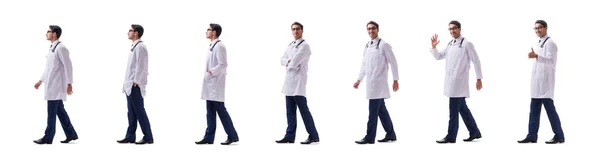 Médico joven de pie caminando aislado en blanco backgr — Foto de Stock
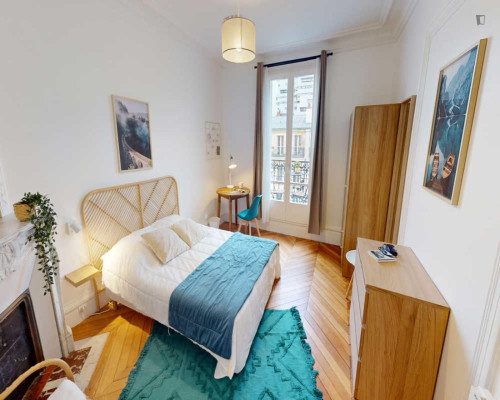 Nice double bedroom in Quinze-Vingts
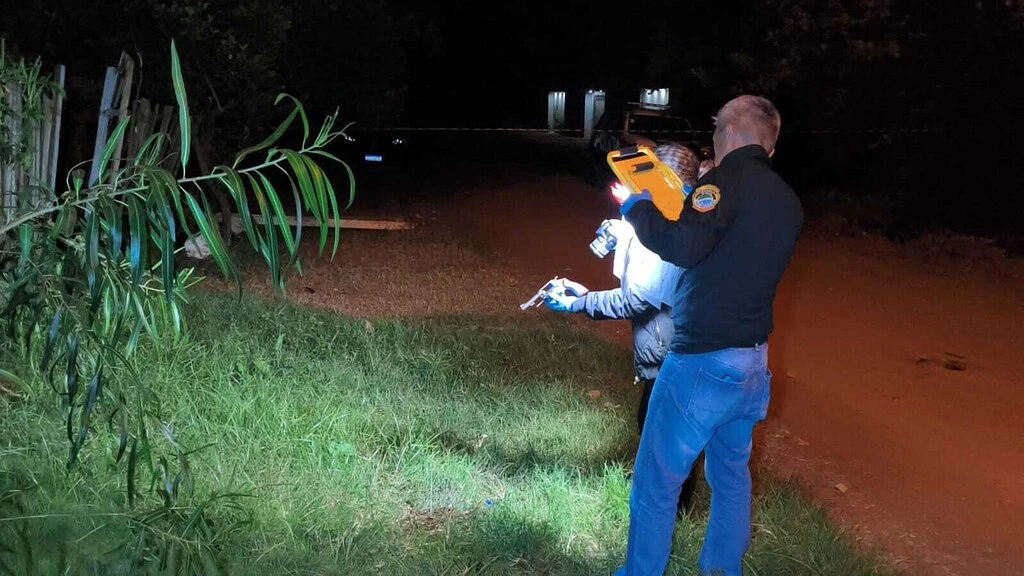 Peritos recolhem arma no local do confronto.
● ● ●
Task description - Output the data above without changes, apart from leaving out the pictures.

Solution to this exercise -
 Médico joven de pie caminando aislado en blanco backgr — Foto de Stock
 Nice double bedroom in Quinze-Vingts
 Peritos recolhem arma no local do confronto.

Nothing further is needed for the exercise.